Information given:
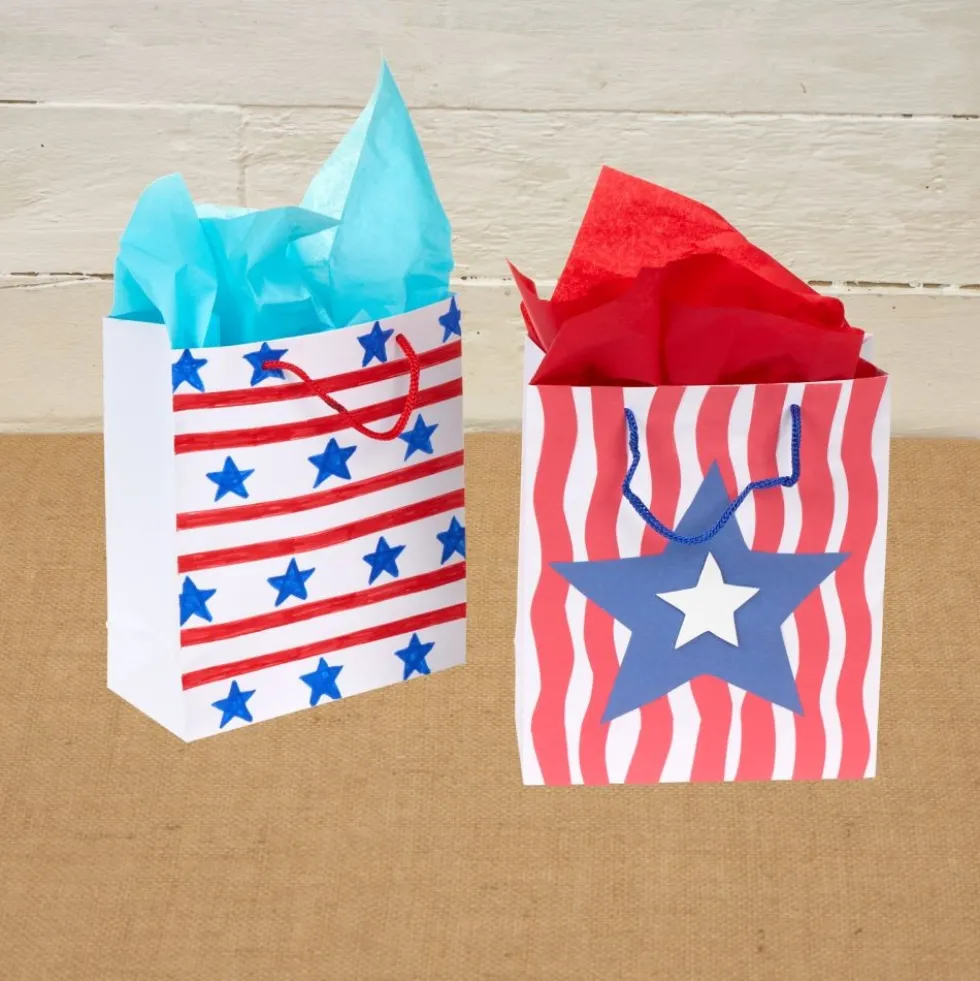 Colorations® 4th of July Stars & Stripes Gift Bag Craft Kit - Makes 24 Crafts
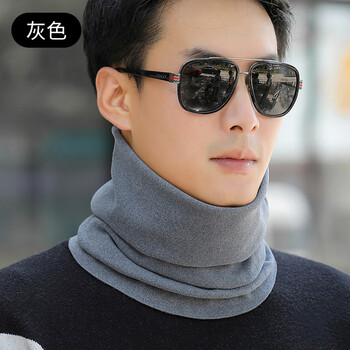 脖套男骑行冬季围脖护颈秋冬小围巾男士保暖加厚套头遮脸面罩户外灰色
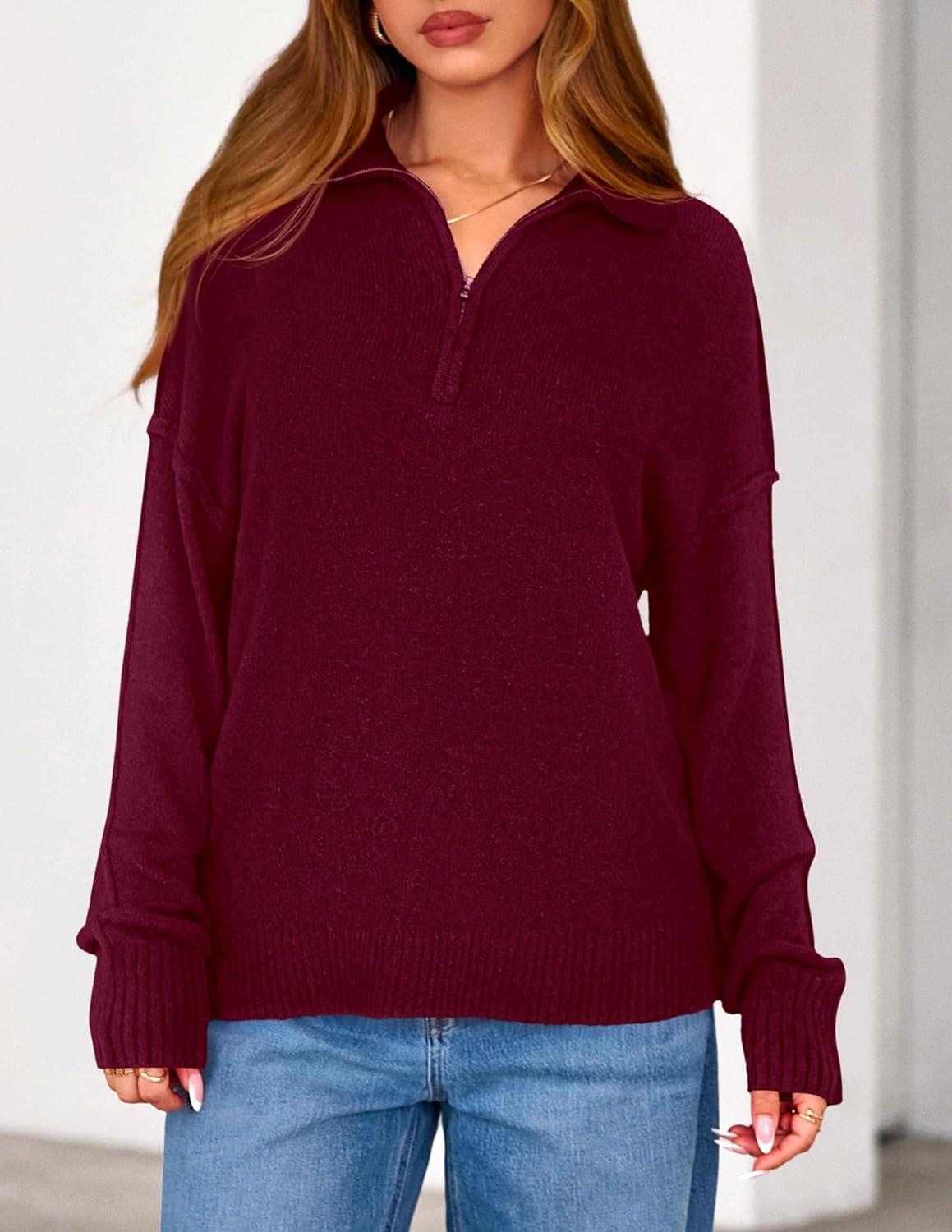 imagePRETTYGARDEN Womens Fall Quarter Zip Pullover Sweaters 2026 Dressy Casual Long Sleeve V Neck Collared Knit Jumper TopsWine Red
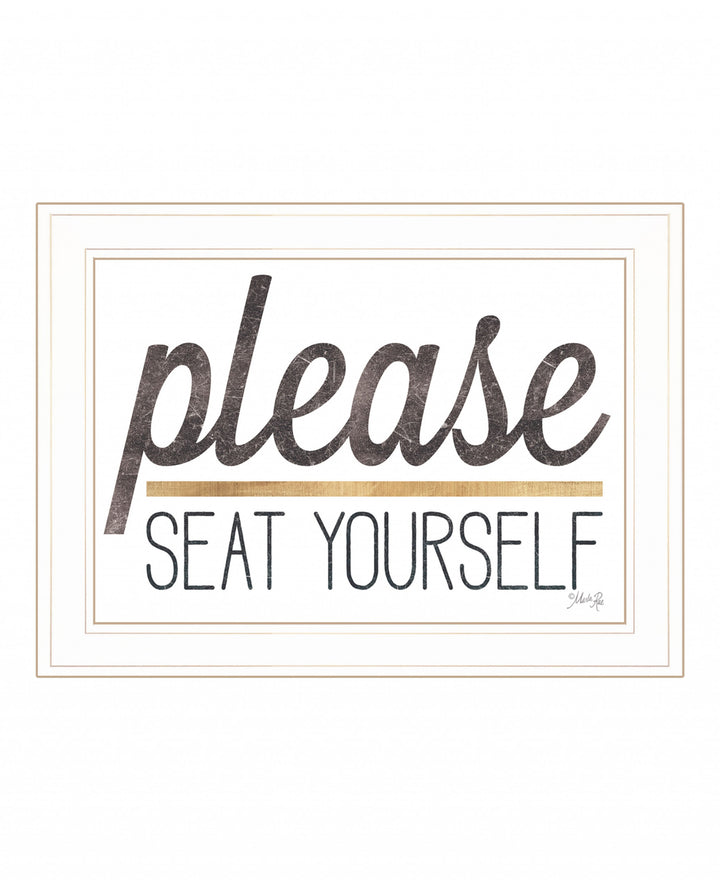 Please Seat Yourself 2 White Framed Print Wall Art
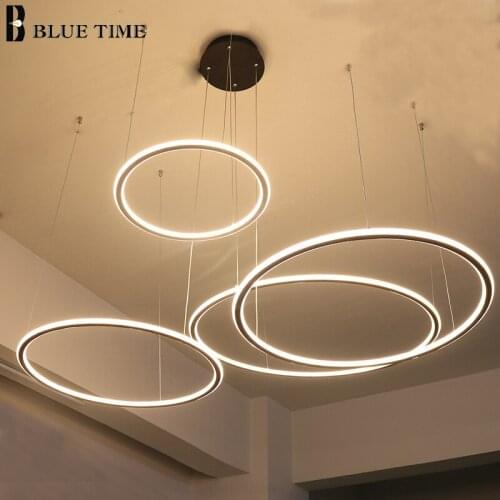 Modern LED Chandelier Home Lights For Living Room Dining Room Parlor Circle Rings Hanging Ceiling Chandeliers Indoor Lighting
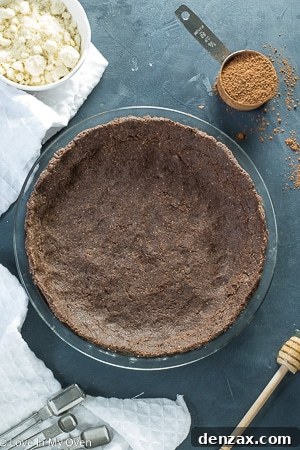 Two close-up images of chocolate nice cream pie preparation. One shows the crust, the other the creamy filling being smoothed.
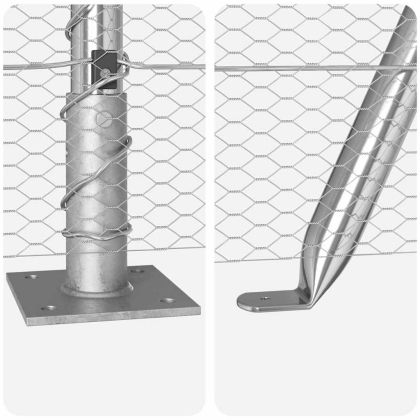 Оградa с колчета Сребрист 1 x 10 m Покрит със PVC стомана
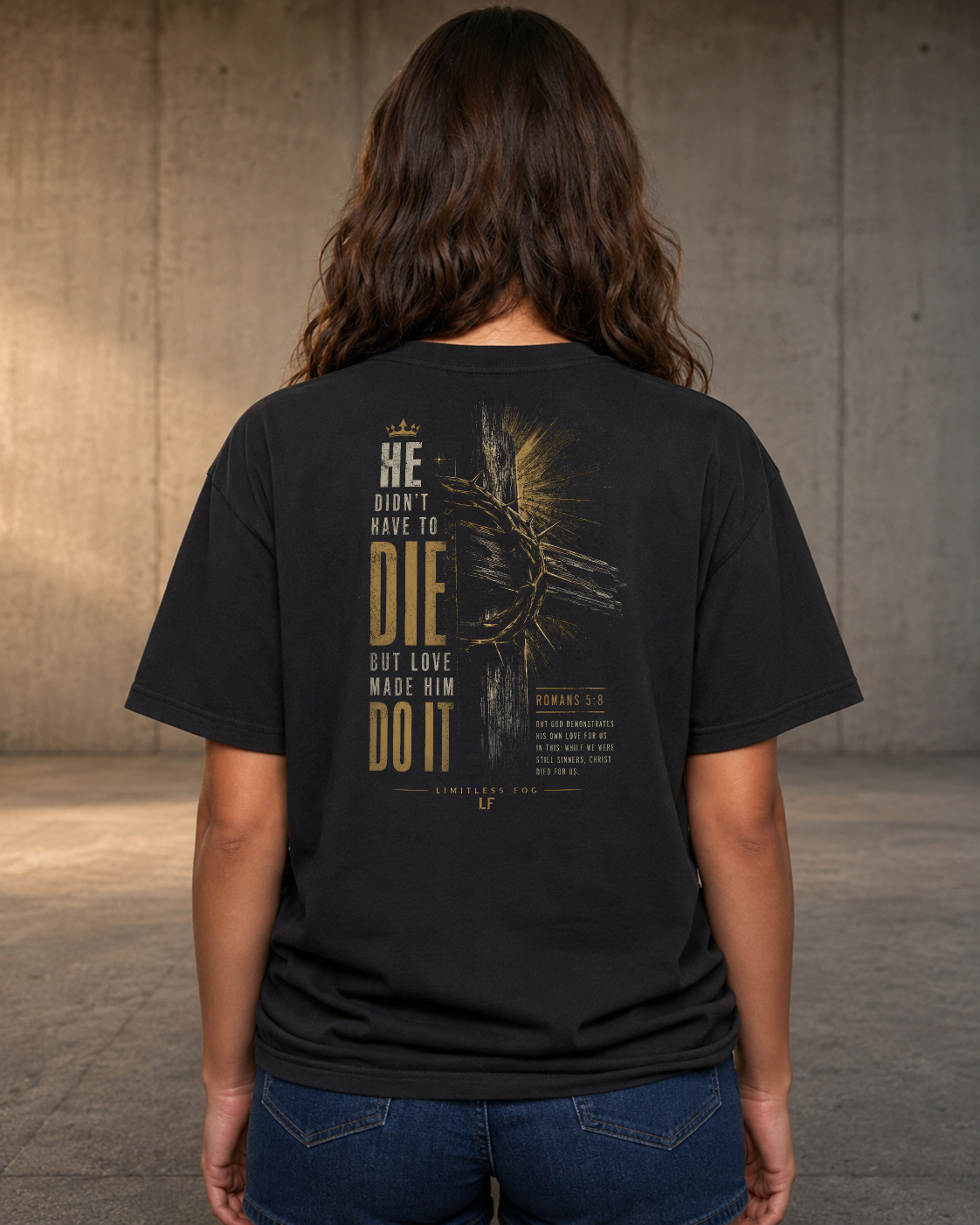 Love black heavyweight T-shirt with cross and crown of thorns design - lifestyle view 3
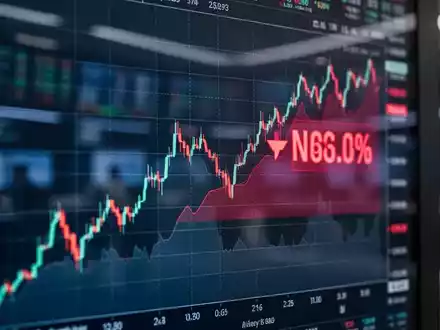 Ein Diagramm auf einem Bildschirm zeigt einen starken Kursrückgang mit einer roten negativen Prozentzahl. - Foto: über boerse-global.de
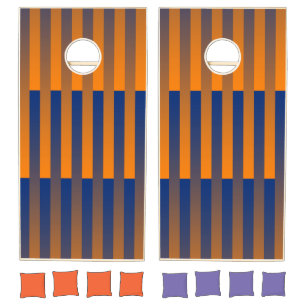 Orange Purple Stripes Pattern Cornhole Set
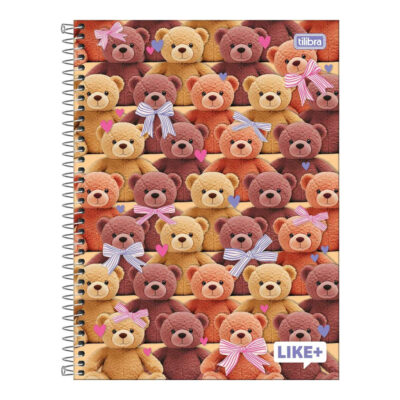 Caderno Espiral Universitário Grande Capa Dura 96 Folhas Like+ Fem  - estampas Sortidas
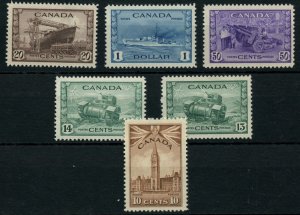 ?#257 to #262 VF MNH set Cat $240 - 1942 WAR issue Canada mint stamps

Brief:
Although the records contain pictures, only the text should be copied, exactly as it stands.

Result of the task:
 Colorations® 4th of July Stars & Stripes Gift Bag Craft Kit - Makes 24 Crafts
 脖套男骑行冬季围脖护颈秋冬小围巾男士保暖加厚套头遮脸面罩户外灰色
 imagePRETTYGARDEN Womens Fall Quarter Zip Pullover Sweaters 2026 Dressy Casual Long Sleeve V Neck Collared Knit Jumper TopsWine Red
 Please Seat Yourself 2 White Framed Print Wall Art
 Modern LED Chandelier Home Lights For Living Room Dining Room Parlor Circle Rings Hanging Ceiling Chandeliers Indoor Lighting
 Two close-up images of chocolate nice cream pie preparation. One shows the crust, the other the creamy filling being smoothed.
 Оградa с колчета Сребрист 1 x 10 m Покрит със PVC стомана
 Love black heavyweight T-shirt with cross and crown of thorns design - lifestyle view 3
 Ein Diagramm auf einem Bildschirm zeigt einen starken Kursrückgang mit einer roten negativen Prozentzahl. - Foto: über boerse-global.de
 Orange Purple Stripes Pattern Cornhole Set
 Caderno Espiral Universitário Grande Capa Dura 96 Folhas Like+ Fem  - estampas Sortidas
 ?#257 to #262 VF MNH set Cat $240 - 1942 WAR issue Canada mint stamps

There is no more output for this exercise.